Exercise: Restate the listing below word for word, pictures excluded.

Supplied data:
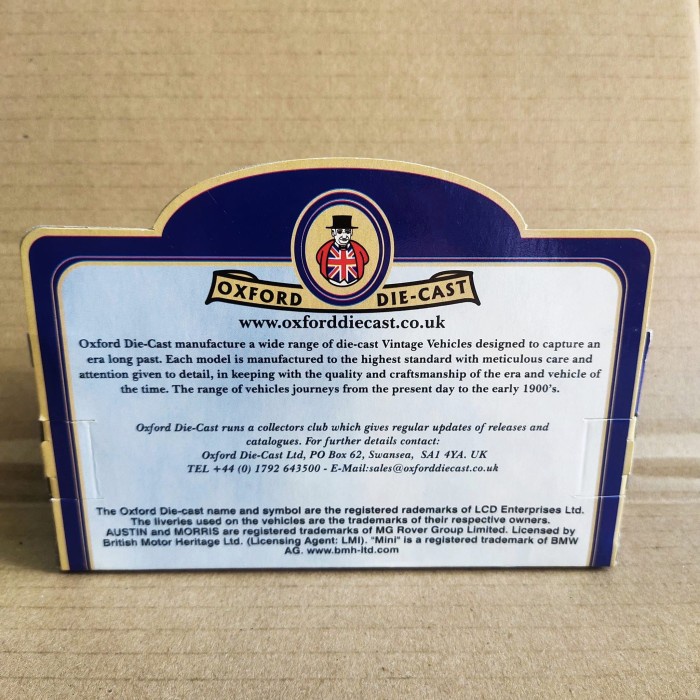 Oxford 1/43 Austin Morris Mini Panel Van Remembrance Sunday China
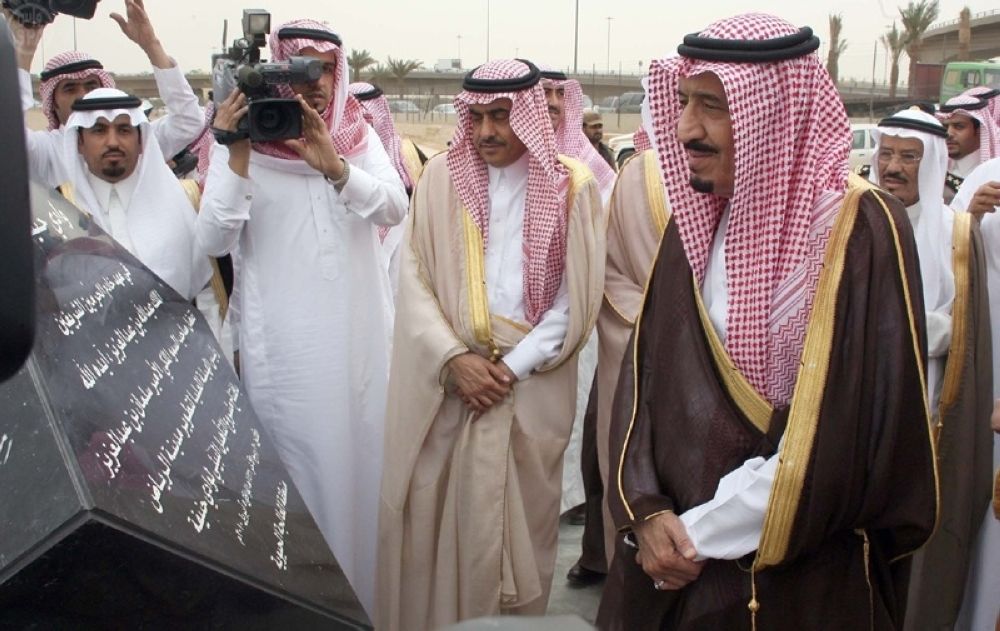 أخبار من السعودية.. شاهد بالفيديو.. شهادة للتاريخ.. لأول مرة تسجيل يكشف تفاني خادم الحرمين في العمل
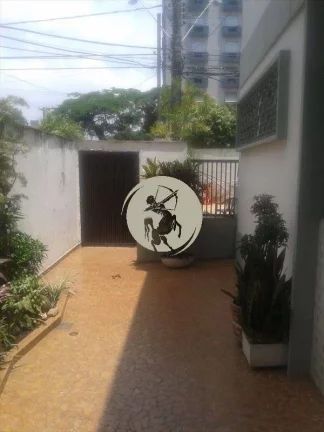 Imagem OPORTUNIDADE! SOBRADO DE ESQUINA IDEAL PARA COMERCIO OU MORADIA PRECISA DE MODERNIZAÇÃO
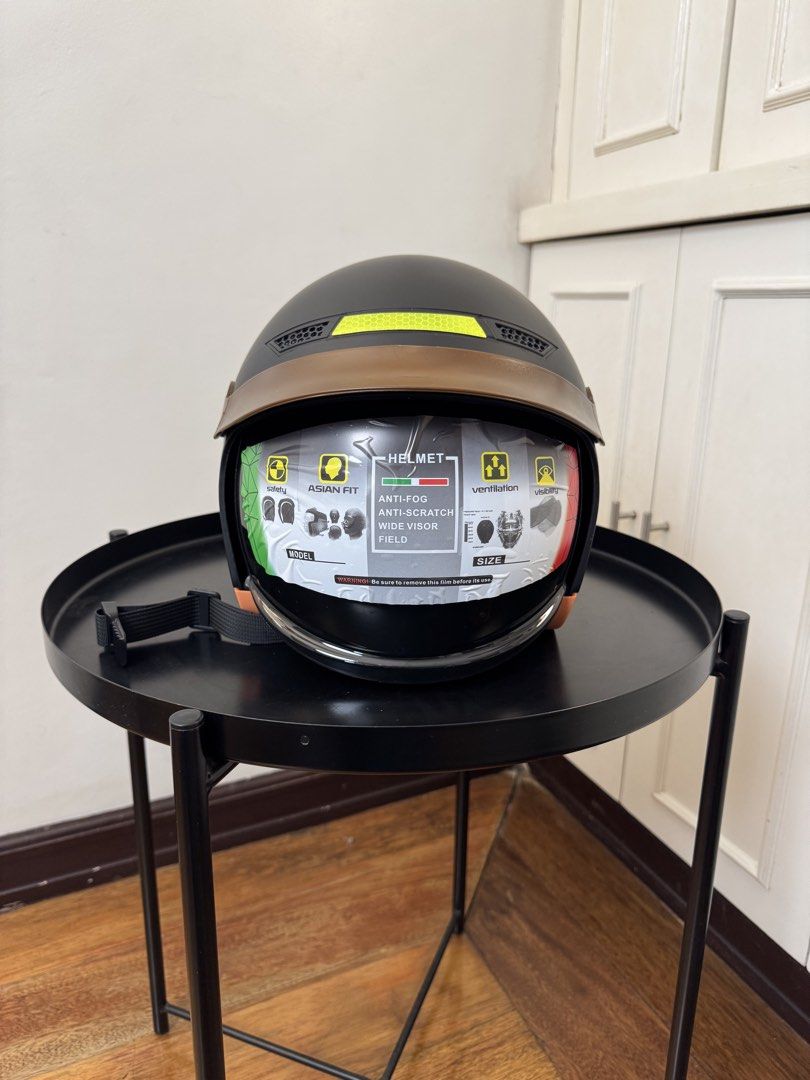 Titan 852 Classic Helmet (Category: Helmets and other Riding Gears) located in Manila. Submitted by supremeloved (Listing ID 1460882075, Image 2). Description: Brand new, binuksan lang from the box Original price: 819 Selling price: 600 Location: Cittadella Executive Village, Las Piñas City .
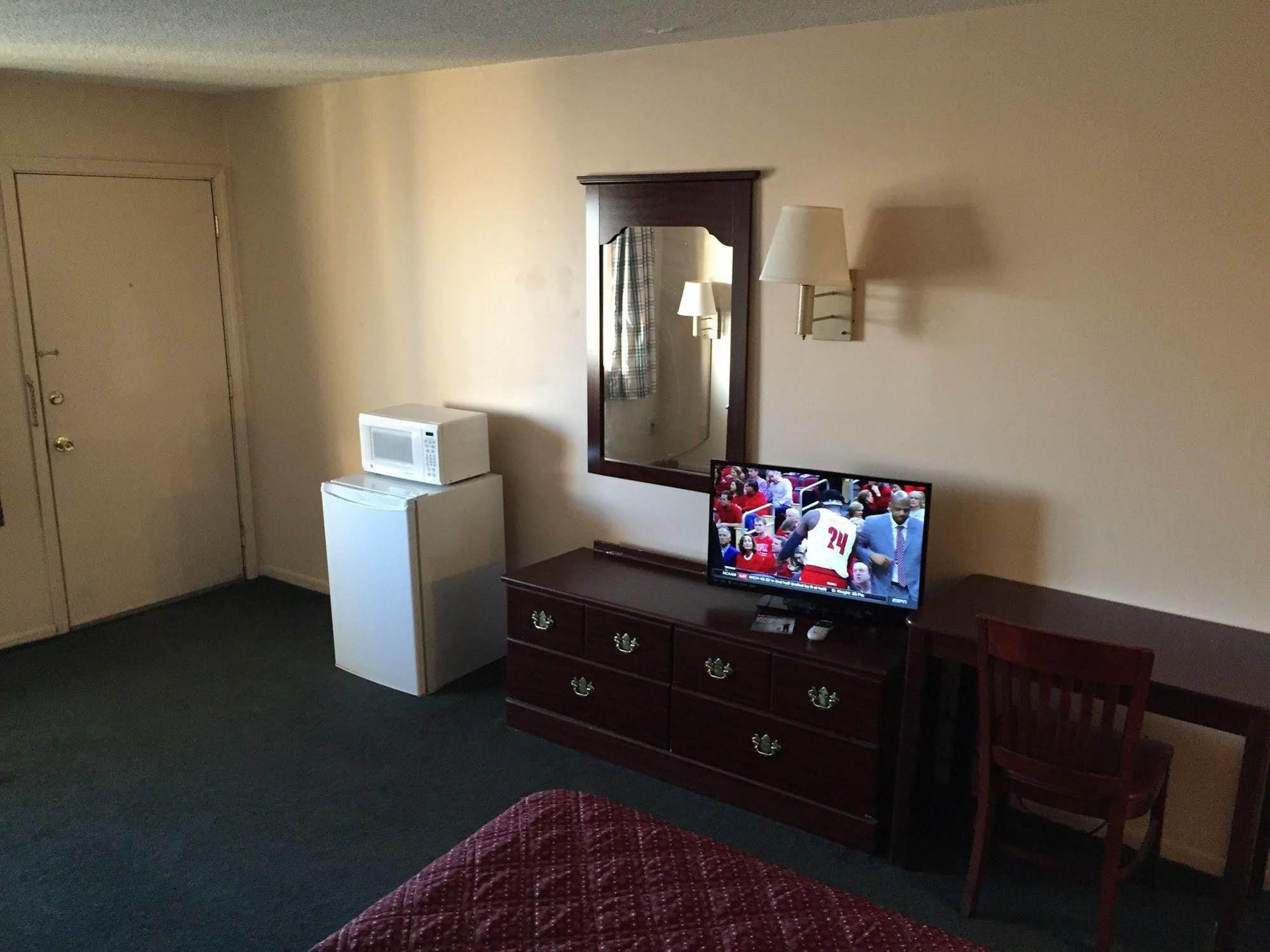 Slumber Inn Harrisonville Bagian luar foto
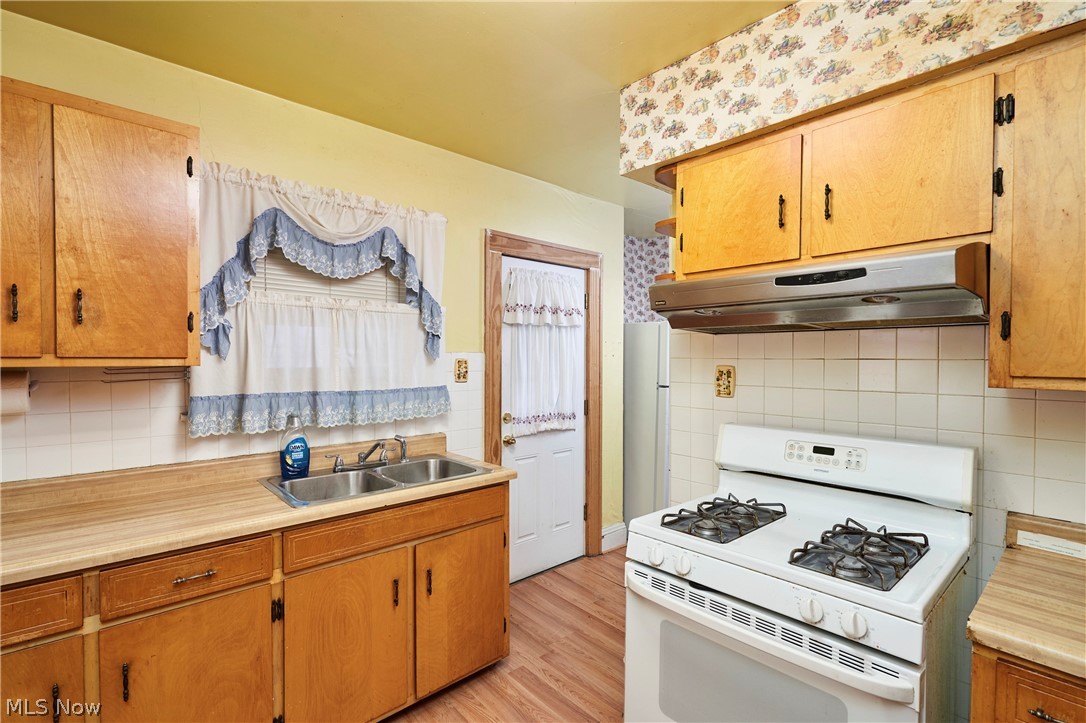 939 Lovers Lane Akron OH 44306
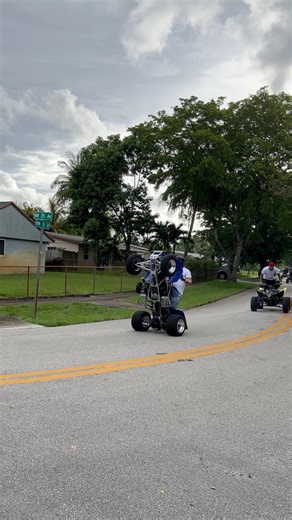 Banshees putting in work #2stroke #bikelife #banshee | Austin Patterson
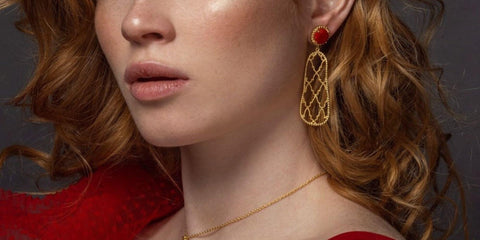 Boucles d'oreilles rouges pour robe rouge par LAVANI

Result below:
 Oxford 1/43 Austin Morris Mini Panel Van Remembrance Sunday China
 أخبار من السعودية.. شاهد بالفيديو.. شهادة للتاريخ.. لأول مرة تسجيل يكشف تفاني خادم الحرمين في العمل
 Imagem OPORTUNIDADE! SOBRADO DE ESQUINA IDEAL PARA COMERCIO OU MORADIA PRECISA DE MODERNIZAÇÃO
 Titan 852 Classic Helmet (Category: Helmets and other Riding Gears) located in Manila. Submitted by supremeloved (Listing ID 1460882075, Image 2). Description: Brand new, binuksan lang from the box Original price: 819 Selling price: 600 Location: Cittadella Executive Village, Las Piñas City .
 Slumber Inn Harrisonville Bagian luar foto
 939 Lovers Lane Akron OH 44306
 Banshees putting in work #2stroke #bikelife #banshee | Austin Patterson
 Boucles d'oreilles rouges pour robe rouge par LAVANI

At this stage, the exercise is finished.